• [Required work]: Set out exactly, line by line, the stretch of data below that begins at the line containing "4 Pairs Copper" and ends at the line containing "Καρέκλα Julita pakoworld", with both ends kept.

• [Provided material]:
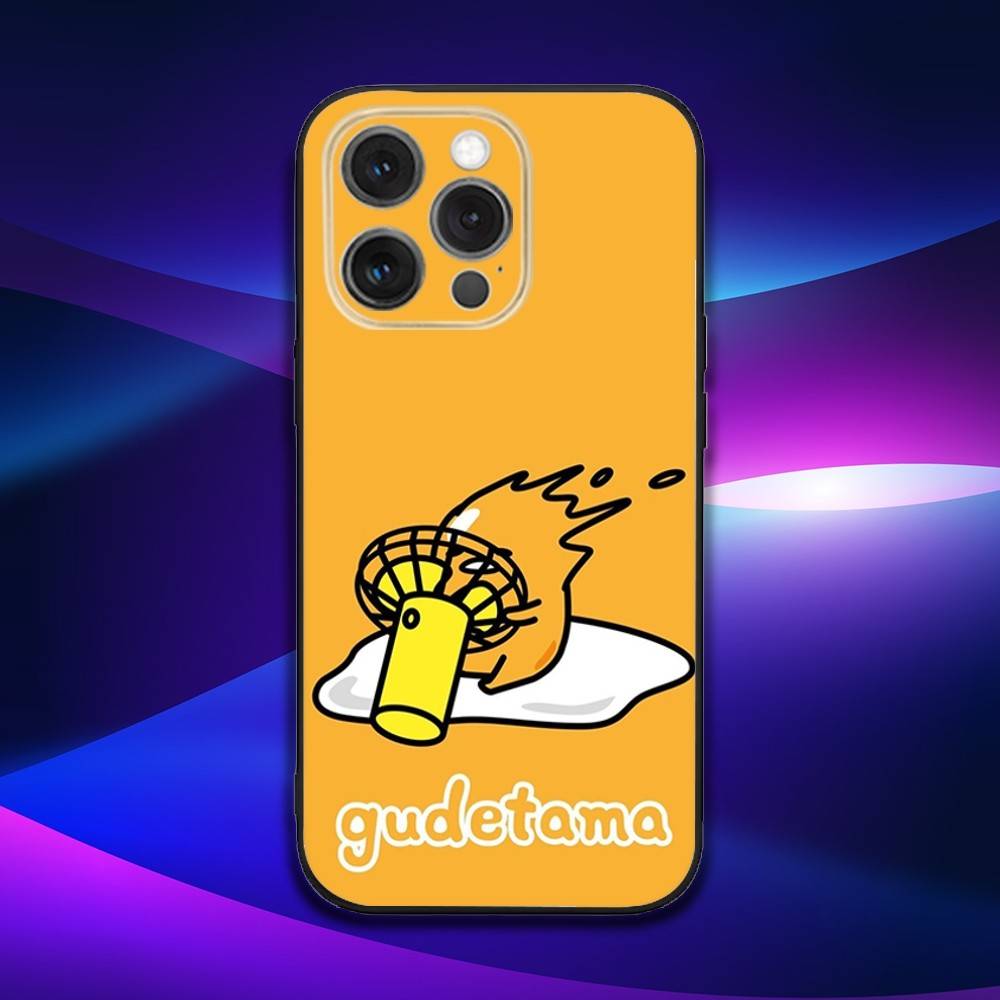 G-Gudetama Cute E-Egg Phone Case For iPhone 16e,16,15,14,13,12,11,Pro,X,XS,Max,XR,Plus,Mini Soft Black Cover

==

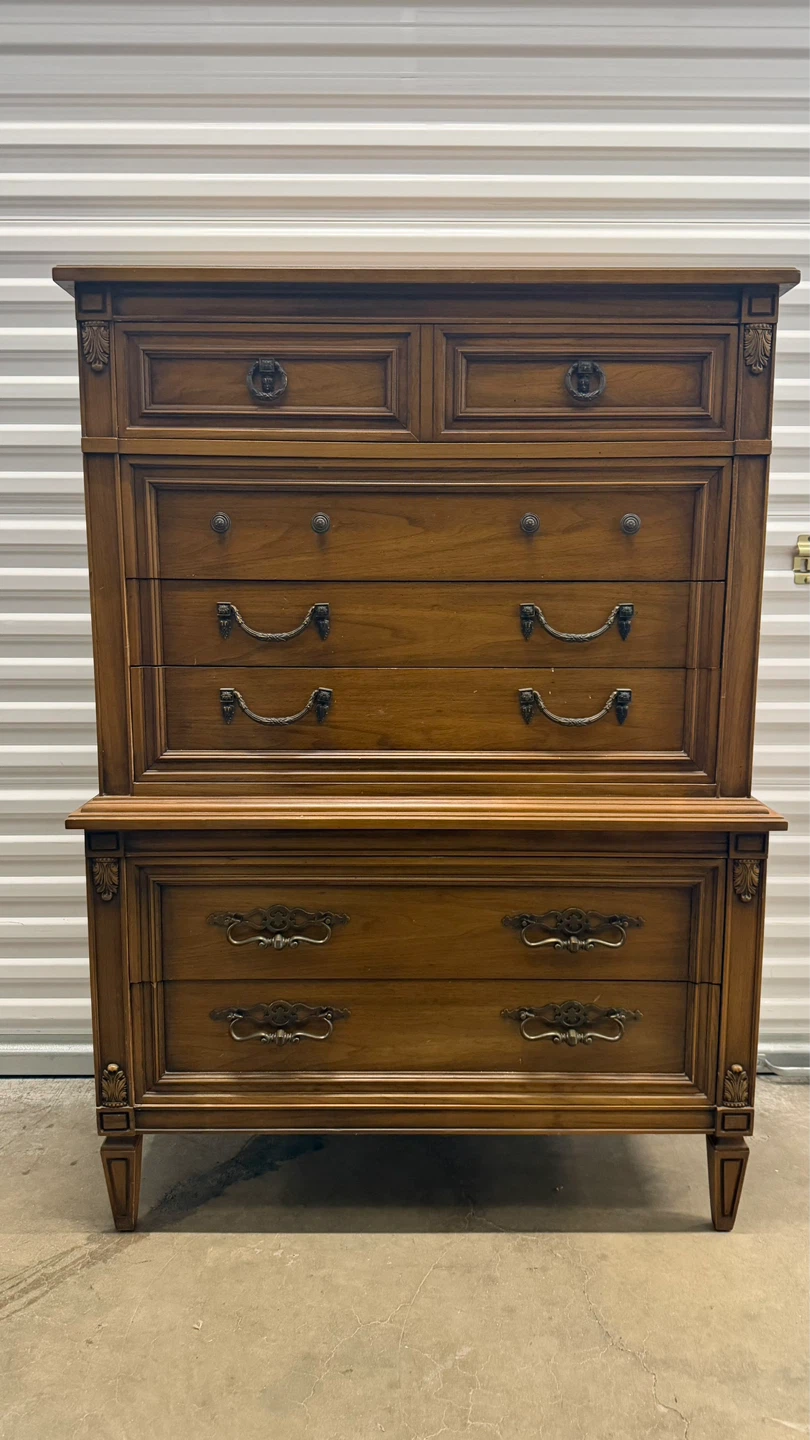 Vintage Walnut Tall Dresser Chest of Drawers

...

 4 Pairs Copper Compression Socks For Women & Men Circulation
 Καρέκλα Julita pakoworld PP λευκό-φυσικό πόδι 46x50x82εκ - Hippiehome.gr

• [Worked solution]:
 4 Pairs Copper Compression Socks For Women & Men Circulation
 Καρέκλα Julita pakoworld PP λευκό-φυσικό πόδι 46x50x82εκ - Hippiehome.gr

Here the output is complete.